#ShowerThoughts pure #P2P networks don't really make much sense for public #SocialMedia. It would be a ridiculous waste of storage for every single member of a subReddit to have a complete copy of its history on their own hard drive, let alone every subscriber to a YT channel. They make a lot more sense for private #SocialNetworks, among family and friends, or colleagues, in which the total data is smaller and you ideally want it stored locally anyway.
@kravietz > You only see public key ids for people who are too far from you, but their id was references in responses
You kind of answered your own question ;) Also, the Jami namechain allows users to claim a unique human-readable username, without a centralized ID server.
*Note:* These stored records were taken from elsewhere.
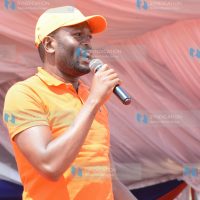 Edwin Sifuna speaking at Bukiri Primary School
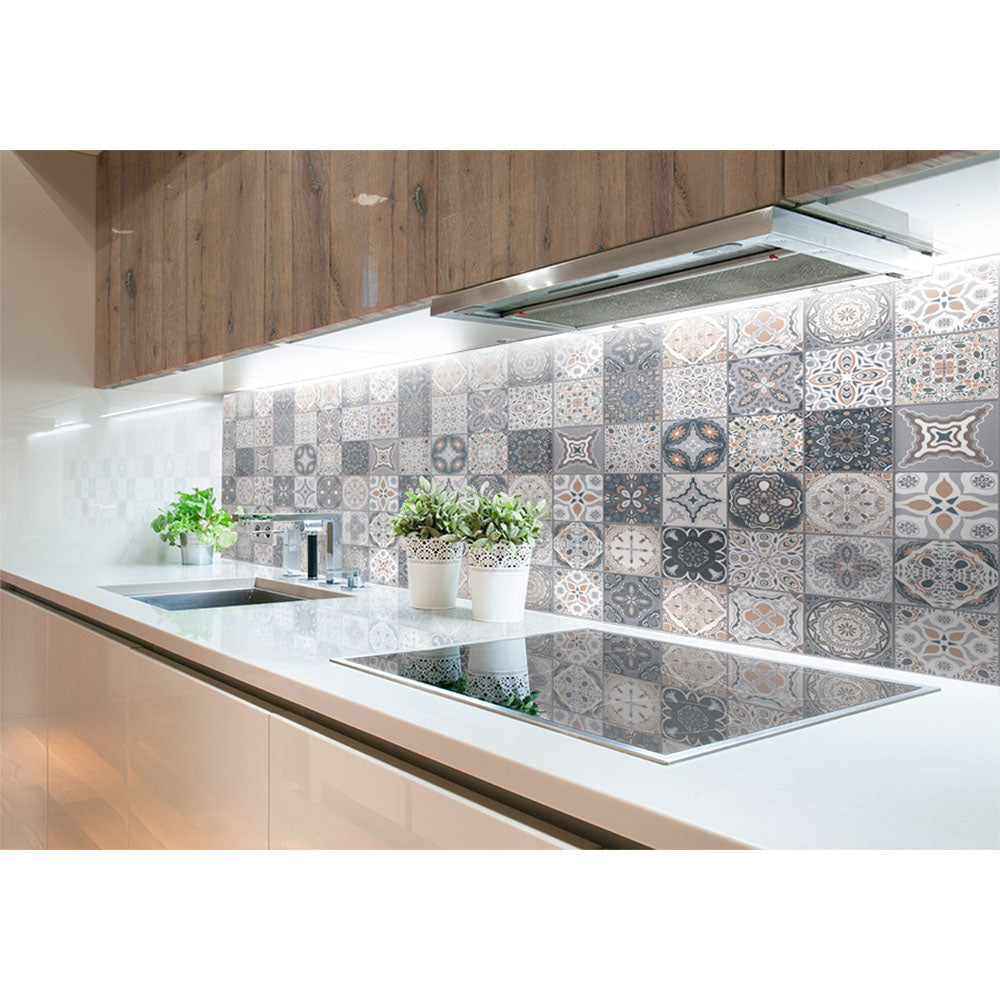 Panneau mural douche VIPANEL - Carrelage Carreaux floraux - Finition brillant
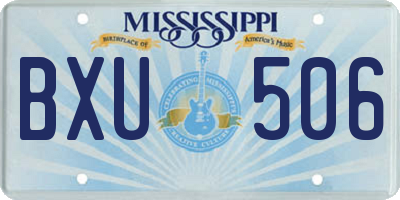 MS license plate BXU506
AFAIK in SSB as it works now, you'd have to check the public key of a post to be sure it was sent by this "strypey", not another user calling themself "strypey".
@kravietz ... OR, any SSB app that comes across a post with my public key could check that key against the ID namechain (like a decentralized keyserver) and assert with certainty that it was posted by 'strypey'. Just saying ...
@kravietz > if a SSB client sees a signed message "this is my new account" to somehow link them or auto-follow
... doesn't do anything to allow users to claim a unique username across the network.
> because the existing model works well nobody really cared
This kind of thinking is how #IRC got overtaken by #Slack. IRC "works well" for the existing userbase, so the #UX doesn't get improved, so new users go somewhere else.
@kravietz with Jami, the account isn't stored on the blockchain, only a record that associates a certain account ID with a certain username. If you delete your account (or lose access to it), that username effectively points to nothing.
@kravietz the blockchain is the means of ensuring uniqueness of usernames without a centralized nameserver. I don't understand why this wouldn't also be useful on SSB or any social network, especially if it had 1000 times its current user numbers.
@kravietz the blockchain is the means of ensuring uniqueness of usernames without a centralized nameserver. I don't understand why this wouldn't also be useful on SSB (or any social network), especially if it had 1000 times its current user numbers.
@kravietz it would require SSB apps to include a node of the namechain (if they want to implement the feature) and check any unfamiliar public keys against it whenever they download new posts. Like the way web browsers include code to reference the #DNS system, so they can map the domain name of a website to the IP address of the webserver that hosts it.